Captioned web images:
....................
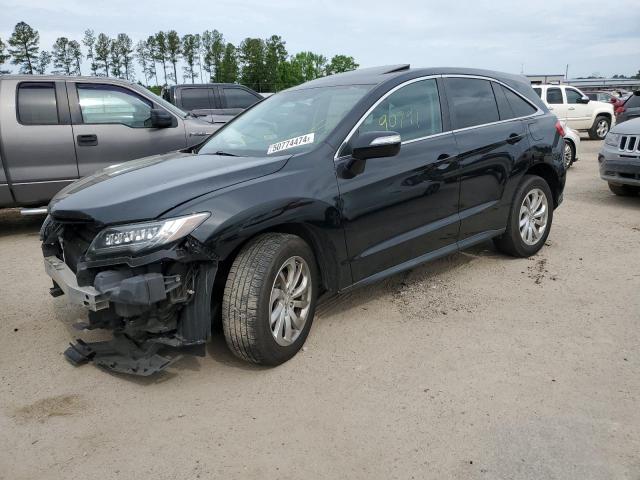 ACURA RDX 2016 with VIN 5J8TB4H38GL019919 - Photo from auction
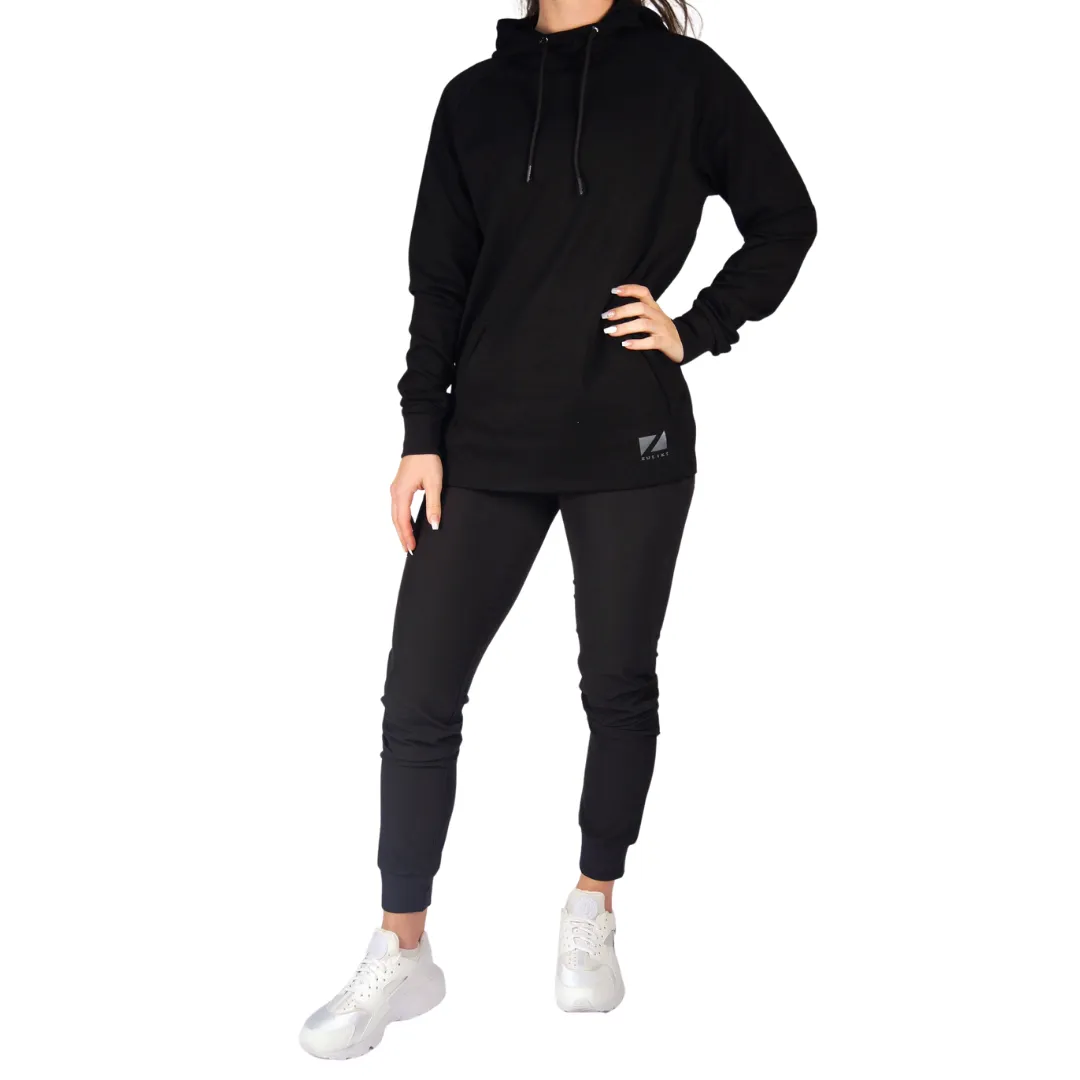 Zueike Luxe Women's Woven Joggers sold by Zueike product image thumbnail 3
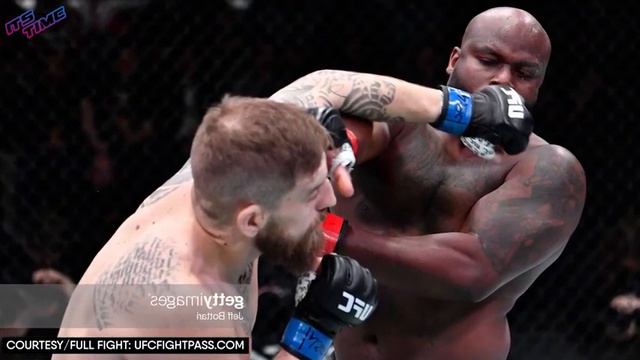 UFC Vegas 45 Деррик Льюис vs Крис Дакас полный Бой Льюис vs Дакас Lewis vs Daukaus ЮФС
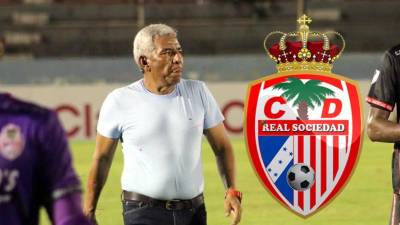 Héctor Castellón no sigue más en su cargo como técnico de la Real Sociedad de Tocoa.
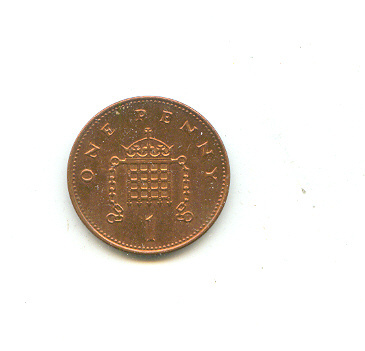 Piéce De Grande Bretagne 1 Pence 1999 - 2 Pence & 2 New Pence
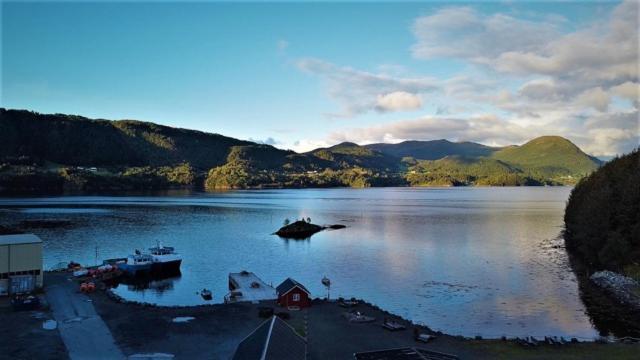 Апартаменты Ola Bua Near The Atlantic Road Lyngstad Экстерьер фото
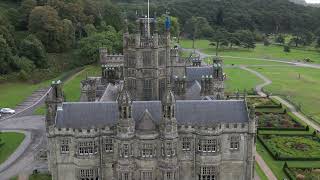 Magical Margam Park - South Wales.  Viewed from above.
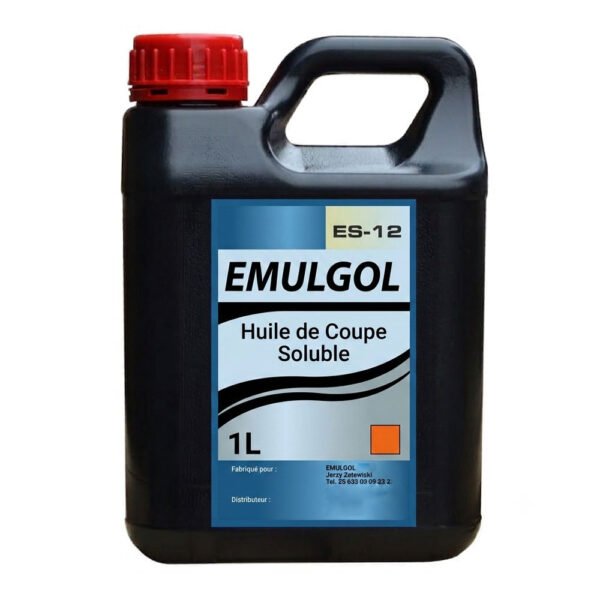 Huile-de-coupe-emulsifiable-Emulgol-1L.jpg Huile de coupe soluble lubrifiant concentré Emulgol 1L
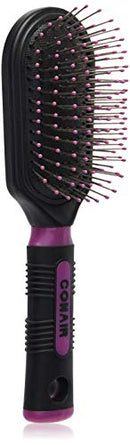 Conair Pro Hair Brush, Cushion, Purse Size Conair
....................
:: What is being asked ::
Reproduce nothing but the lines running from the line with "Zueike Luxe Women's" through the end of the records, keeping both end lines and dropping the pictures.

:: Exercise response ::
 Zueike Luxe Women's Woven Joggers sold by Zueike product image thumbnail 3
 UFC Vegas 45 Деррик Льюис vs Крис Дакас полный Бой Льюис vs Дакас Lewis vs Daukaus ЮФС
 Héctor Castellón no sigue más en su cargo como técnico de la Real Sociedad de Tocoa.
 Piéce De Grande Bretagne 1 Pence 1999 - 2 Pence & 2 New Pence
 Апартаменты Ola Bua Near The Atlantic Road Lyngstad Экстерьер фото
 Magical Margam Park - South Wales.  Viewed from above.
 Huile-de-coupe-emulsifiable-Emulgol-1L.jpg Huile de coupe soluble lubrifiant concentré Emulgol 1L
 Conair Pro Hair Brush, Cushion, Purse Size Conair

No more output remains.